How to complete this task:
The entries are to be reproduced verbatim, and their pictures left out.

Provided records:
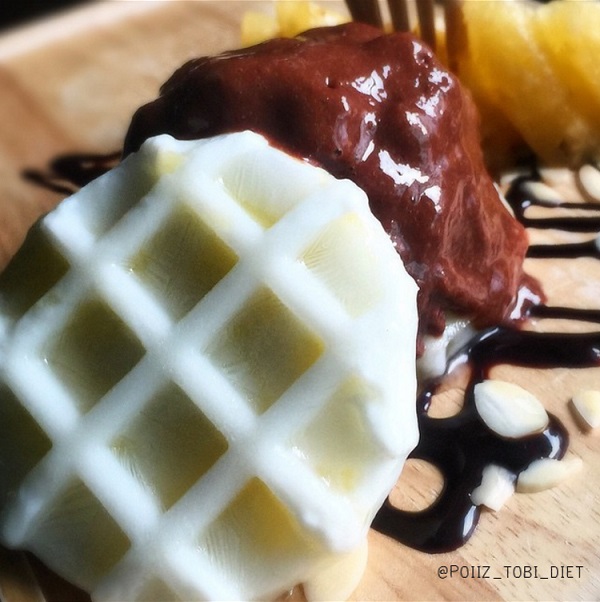 10 สูตรขนมของคนกลัวอ้วน 10 สูตรขนมของคนกลัวอ้วน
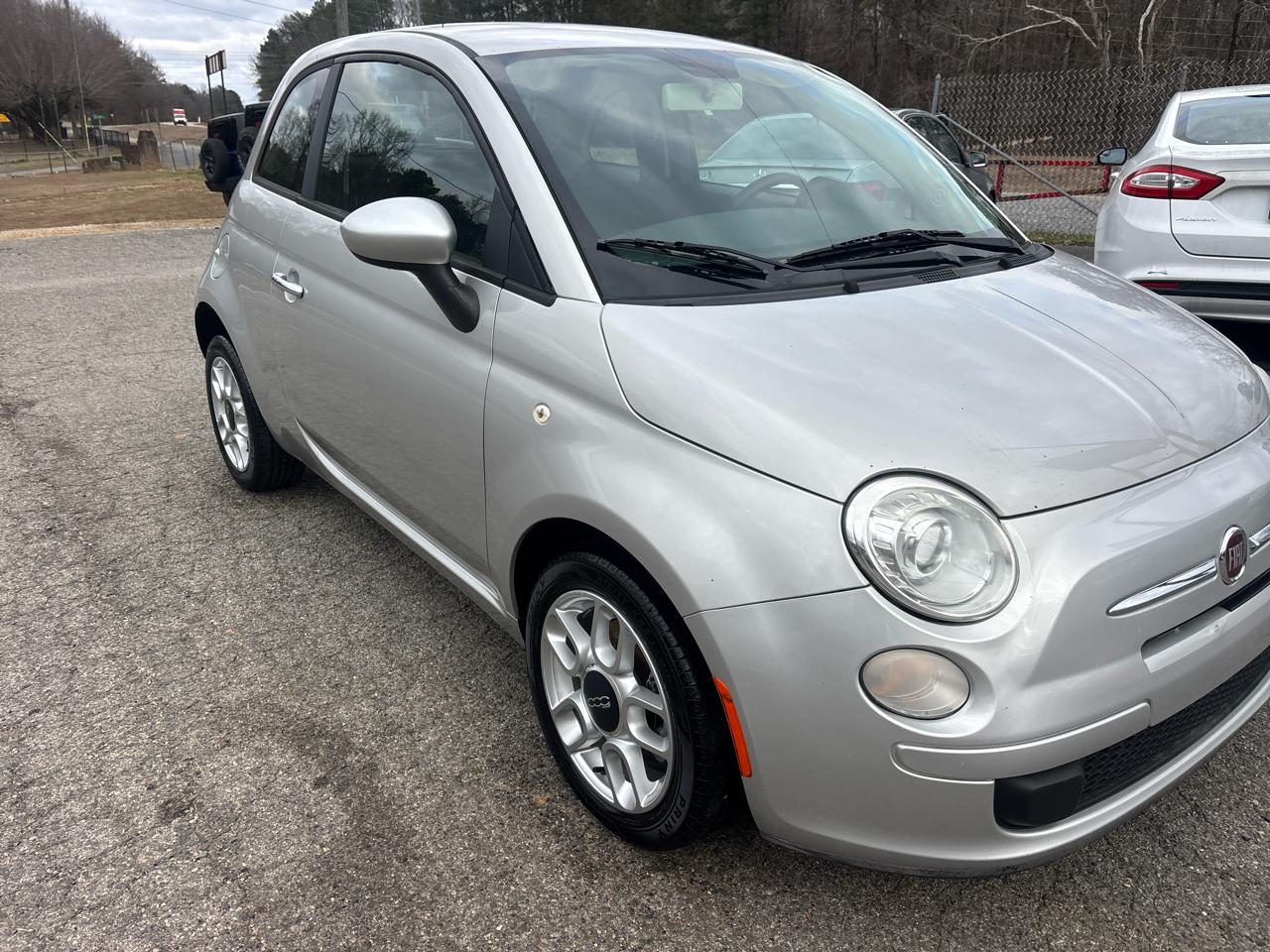 Fiat 500 Pop Hatchback 2013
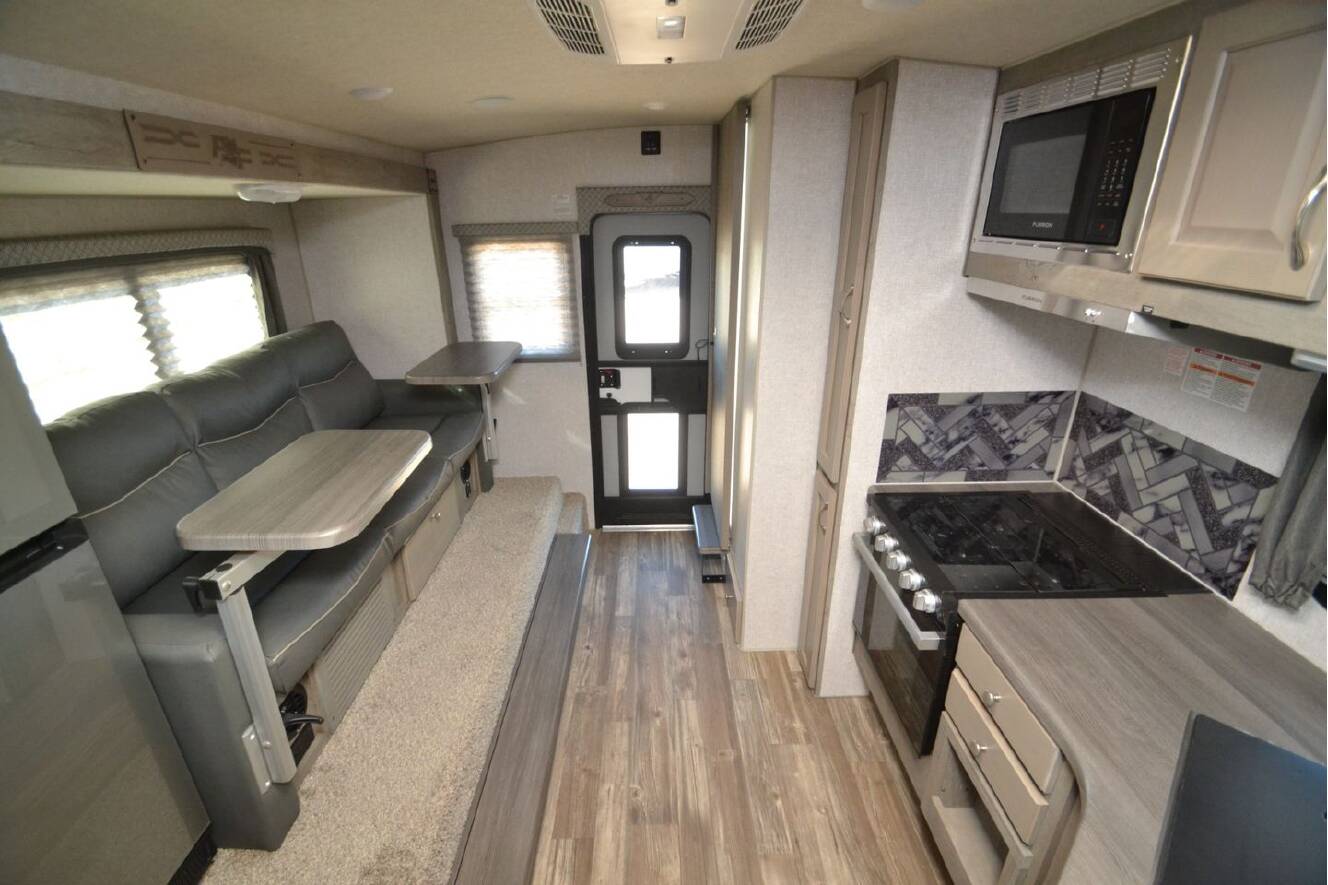 A photo of this 2026 Northwood Arctic Fox 990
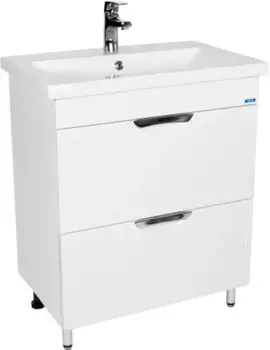 Тумба белый 56,6 см Viant Лима VLIM60CO-T2Y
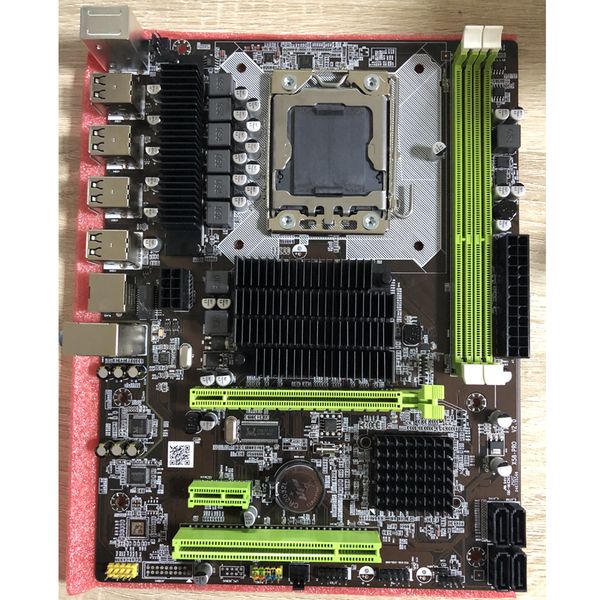 

motherboard x58 lga 1366 server memory compatible reg ecc and xeon processor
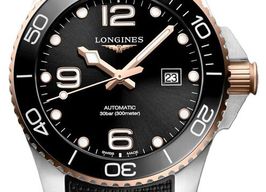 Longines HydroConquest L3.782.3.58.9 (2026) - Black dial 43 mm Steel case
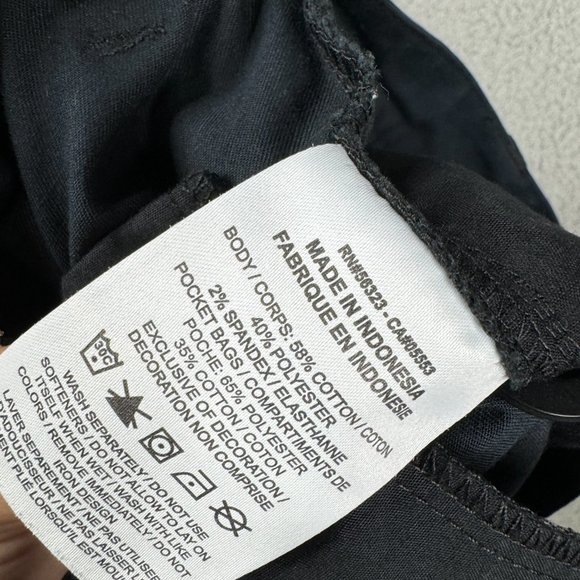 Nike SB Shorts Mens Size 34 Blue 8" Inseam 20L Cotton Blend Chino Skatebaording - Picture 2 of 15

Response to the exercise:
 10 สูตรขนมของคนกลัวอ้วน 10 สูตรขนมของคนกลัวอ้วน
 Fiat 500 Pop Hatchback 2013
 A photo of this 2026 Northwood Arctic Fox 990
 Тумба белый 56,6 см Viant Лима VLIM60CO-T2Y

motherboard x58 lga 1366 server memory compatible reg ecc and xeon processor
 Longines HydroConquest L3.782.3.58.9 (2026) - Black dial 43 mm Steel case
 Nike SB Shorts Mens Size 34 Blue 8" Inseam 20L Cotton Blend Chino Skatebaording - Picture 2 of 15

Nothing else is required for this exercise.